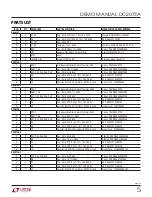 Предварительный просмотр 5 страницы Linear Technology DC2073A Series Demo Manual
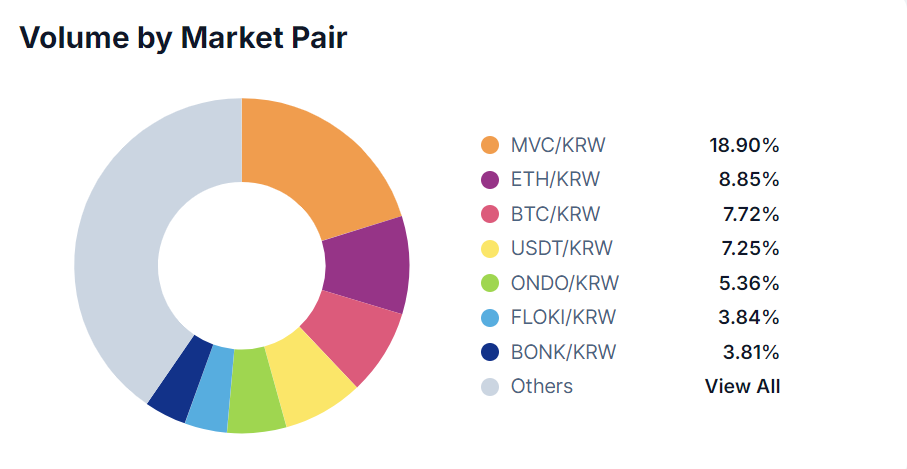 A chart showing the top trading pairs on South Korea's Bithumb cryptocurrency exchange on May 27.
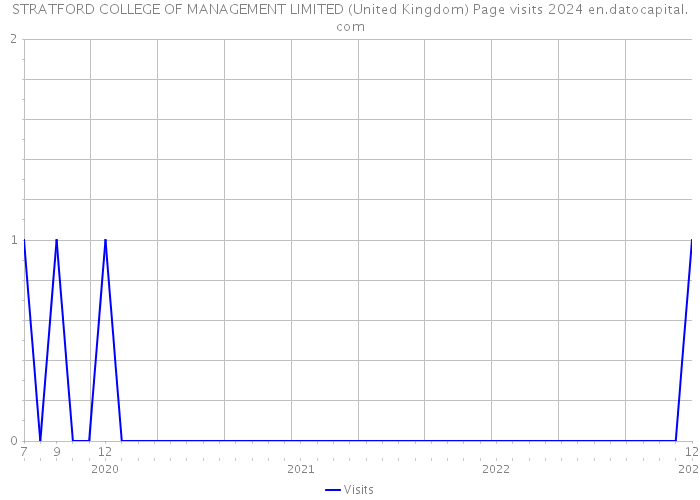STRATFORD COLLEGE OF MANAGEMENT LIMITED (United Kingdom) Page visits 2024 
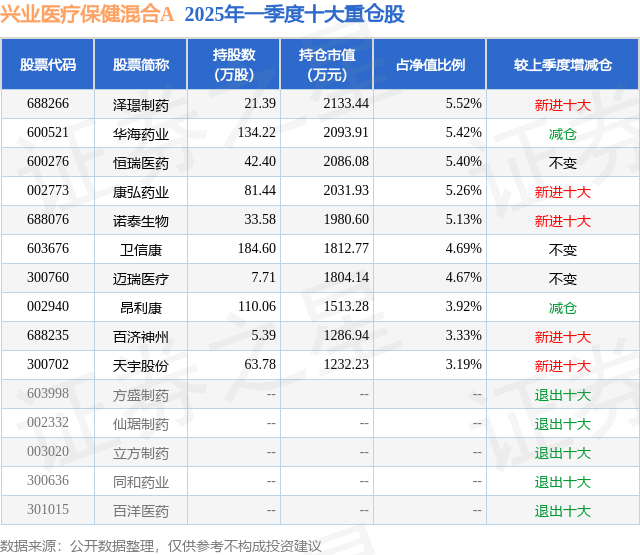 4436x12威尼斯官网6月16日昂利康创60日新快乐业医疗保健混淆A基金重仓该(图2)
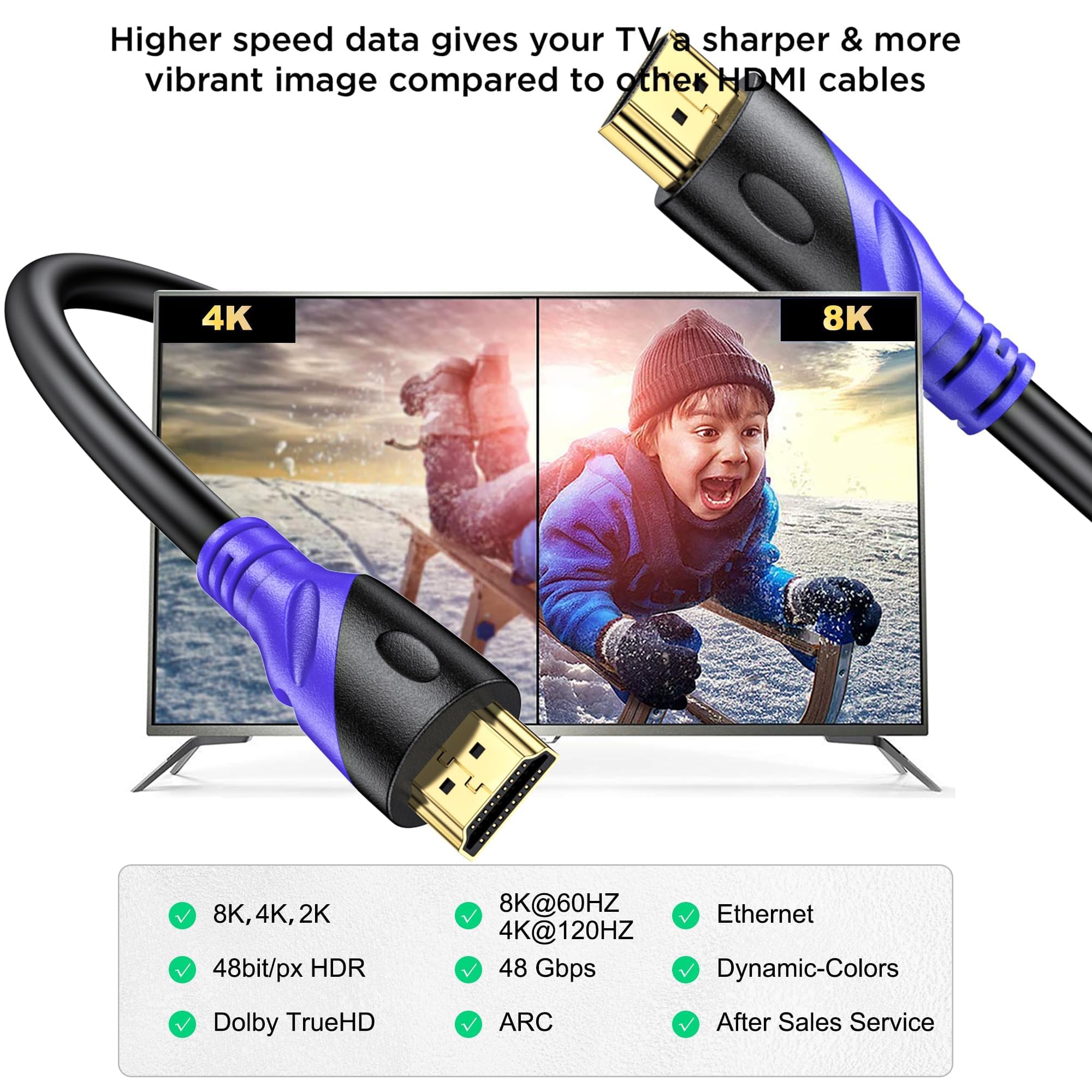 Rommisie 8K HDMI 2.1 Kabel 2m, 8K@60Hz 4K@120Hz Ultra High Speed Kabel Lead 48Gbps, Supports eARC HDR10 HDCP 2.2/2.3, Kompatibel mit all HDMI devices PC/TV/HDTV/Blu-ray 2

+++

After removing the pictures, repeat the remaining records exactly.

> **Reply**
 Предварительный просмотр 5 страницы Linear Technology DC2073A Series Demo Manual
 A chart showing the top trading pairs on South Korea's Bithumb cryptocurrency exchange on May 27.
STRATFORD COLLEGE OF MANAGEMENT LIMITED (United Kingdom) Page visits 2024 
 4436x12威尼斯官网6月16日昂利康创60日新快乐业医疗保健混淆A基金重仓该(图2)
 Rommisie 8K HDMI 2.1 Kabel 2m, 8K@60Hz 4K@120Hz Ultra High Speed Kabel Lead 48Gbps, Supports eARC HDR10 HDCP 2.2/2.3, Kompatibel mit all HDMI devices PC/TV/HDTV/Blu-ray 2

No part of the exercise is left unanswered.